How It All Started

07/04/2020

Ten years ago, I was still an IT college student in a college somewhere. I didn’t really know what my future is going to be like. My ethics professor asked us all in class to watch the movie The Social Network. At the same time, my web development professor who was one of the founders of Yehey.com taught us how to deploy your own PHP website on a cheap local hosting provider. That’s where it all started, I wanted to make my own social network. I wanted to somehow be the founder of the next Friendster, or I wanted to be that guy who’s your first friend in MySpace.

“A guy who makes a new chair, doesn’t owe money to everyone who ever built a chair.”

- Mark Zuckerberg

Back then, I used to drink a lot of iced blended mocha and smoke in a nearby The Coffee Bean and Tea Leaf place across the street from my college with my hardy Asus rugged laptop. Usually, I just coded alone in a corner not for fun or leisure, but to finish my homework without any distractions. Occasionally, my then best friend would ask me to play computer games with him where I always ended up losing. It was just that. Simple.

Then, there’s this one guy who approached me. He said he wanted to create his own website called punchworld and if I ever could help him. Taking from the movie, I was also interested in making my own website. I did some searches for other social networks, and I found Orkut and Diaspora. I found Diaspora more interesting. Ilya Zhitomirskiy, the founder of Diaspora, wanted to create a decentralized social network, each hosted separately and was called a “pod”. It’s a little bit like Google+. I admired how Ilya thinks, and how he wasn’t doing it for the money. He was aware of Facebook’s flaws when it comes to data privacy. He had his own convictions, which unfortunately took his life the following year. After that, this quote stuck to me:

“There’s something deeper than making money off stuff. Being part of creating stuff for the universe is awesome.”

- Ilya Zhitomirskiy

Let’s fast forward ten years later.

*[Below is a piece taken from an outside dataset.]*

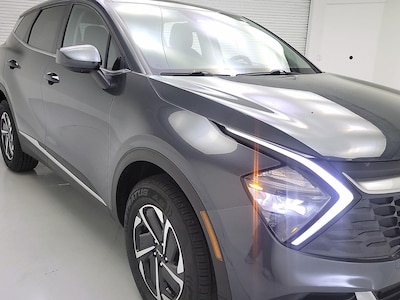 2023 Kia Sportage Hybrid LX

Throughout my career, I’ve been making websites and mobile applications for many clients of the companies that I’ve worked with. Most of the time, it’s all about meeting the deadline for the business goal. Some of them just want a website or an app just for the heck of it. There were memorable projects which I’m proud to be a part of, and these is were the client was a part of the app’s development.  They listened and they took the time to understand as much technical details of how their product app works. They were the ones who always had the “feel of the app” from its initial development to its deployment phase. Nevertheless, I was just like a carpenter who lent his skills for people who wanted a customized chair. As the years passed by, many new methods have been devised on how to create the same chair where every carpenter both young and old claim to be “certified” to make the best chair. Well, the bottom line is, it just matters who makes it cheaper and faster. In age of digital transformation, it’s ironic that software development has gone towards being a race towards the new hype rather than an enlightening and learning process for all.

From time to time, a client or a stakeholder will ask: “how’s our project doing?”. These are the types that only care about the timeline, but I can’t blame them. It’s their project. Yes, every developer will have a gripe about strict timelines every now and then and this is a given. However, has every developer thought of doing things for himself? In another analogy, while making a project for someone else, you don’t even get the credit for it. You’re just paid to do it.

After all, am I doing it for the money? Yes, I am. The hype is quite lucrative, but it feels like selling my own soul.

Then, there’s this realization that I’ve never ever created a single thing for myself out of my own abilities. Therefore, I made this website. This is a manifestation of my own conviction. At least for once, I did use my skills that I’d normally use on the job for myself and I’m sharing it to the world. I think that’s awesome.